=== TASK DESCRIPTION ===
If a record contains a picture, skip the picture and transcribe the rest exactly.

DATA FOR THIS TASK Start Marker

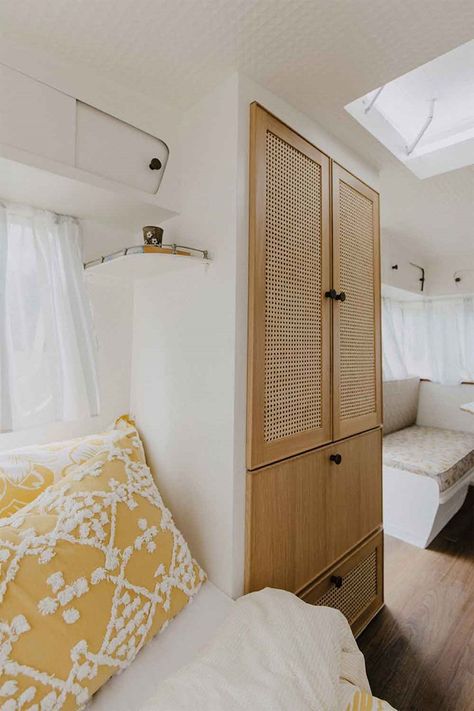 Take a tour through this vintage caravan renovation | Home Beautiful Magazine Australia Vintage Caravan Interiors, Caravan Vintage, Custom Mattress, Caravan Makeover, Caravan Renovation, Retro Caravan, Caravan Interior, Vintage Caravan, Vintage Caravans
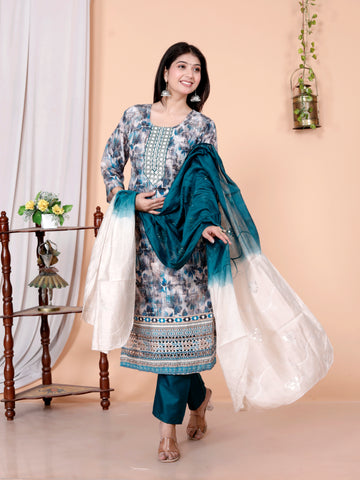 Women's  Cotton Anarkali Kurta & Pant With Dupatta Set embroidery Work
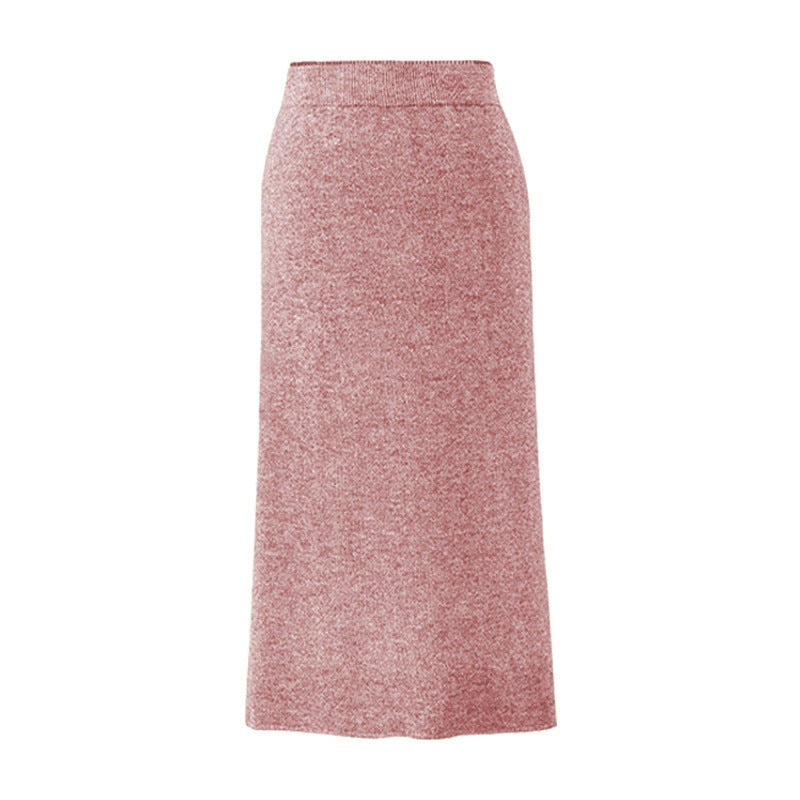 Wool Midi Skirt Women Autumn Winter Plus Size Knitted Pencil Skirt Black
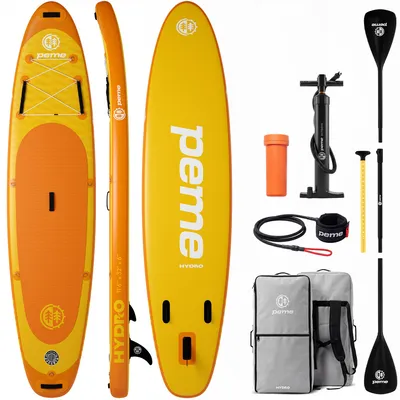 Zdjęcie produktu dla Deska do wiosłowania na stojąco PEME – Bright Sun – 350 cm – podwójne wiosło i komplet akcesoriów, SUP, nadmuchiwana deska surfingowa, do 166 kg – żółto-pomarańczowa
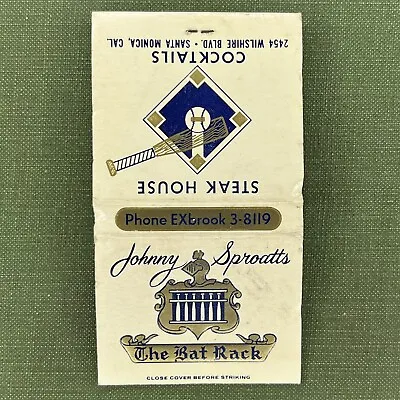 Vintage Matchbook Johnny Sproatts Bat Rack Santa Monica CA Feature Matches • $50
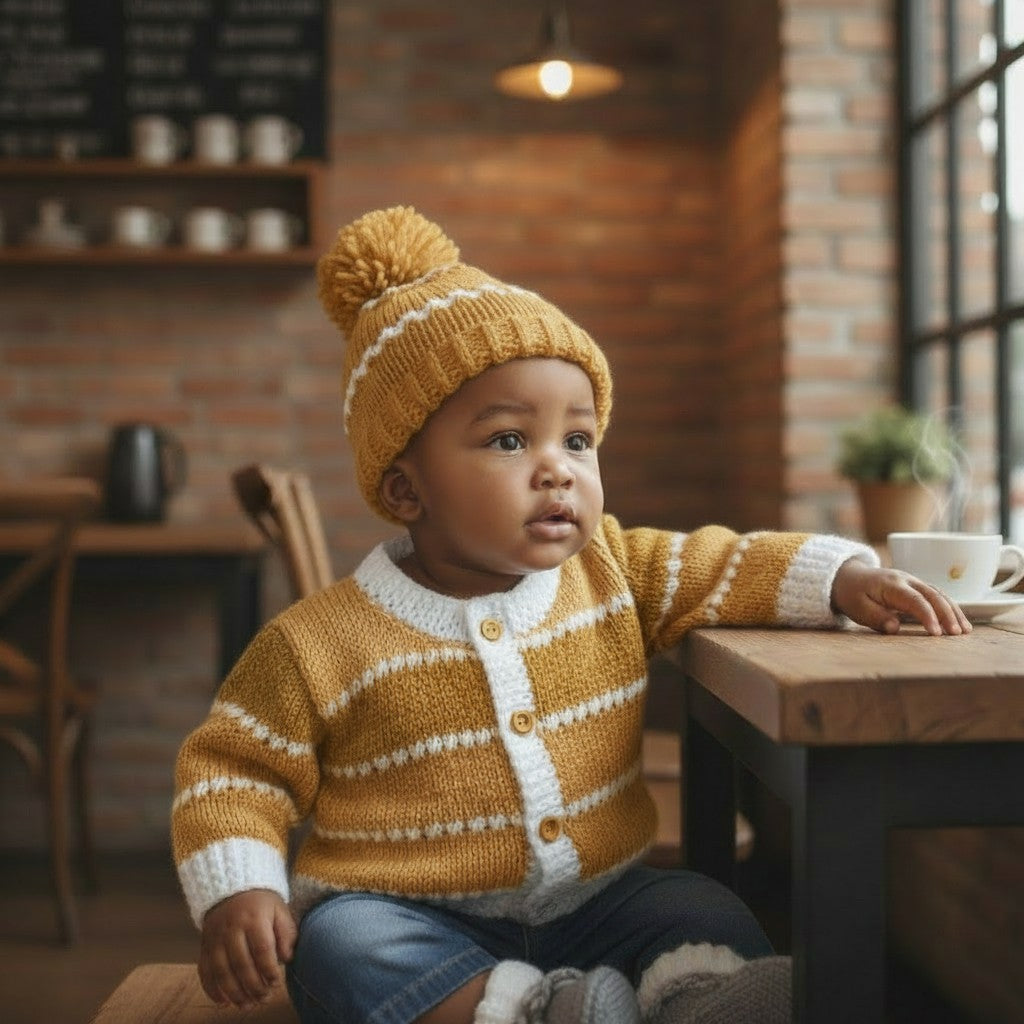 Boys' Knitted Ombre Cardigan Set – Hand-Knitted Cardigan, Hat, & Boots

DATA FOR THIS TASK End Marker

=== ANSWER SPACE ===
 Take a tour through this vintage caravan renovation | Home Beautiful Magazine Australia Vintage Caravan Interiors, Caravan Vintage, Custom Mattress, Caravan Makeover, Caravan Renovation, Retro Caravan, Caravan Interior, Vintage Caravan, Vintage Caravans
 Women's  Cotton Anarkali Kurta & Pant With Dupatta Set embroidery Work
 Wool Midi Skirt Women Autumn Winter Plus Size Knitted Pencil Skirt Black
 Zdjęcie produktu dla Deska do wiosłowania na stojąco PEME – Bright Sun – 350 cm – podwójne wiosło i komplet akcesoriów, SUP, nadmuchiwana deska surfingowa, do 166 kg – żółto-pomarańczowa
 Vintage Matchbook Johnny Sproatts Bat Rack Santa Monica CA Feature Matches • $50
 Boys' Knitted Ombre Cardigan Set – Hand-Knitted Cardigan, Hat, & Boots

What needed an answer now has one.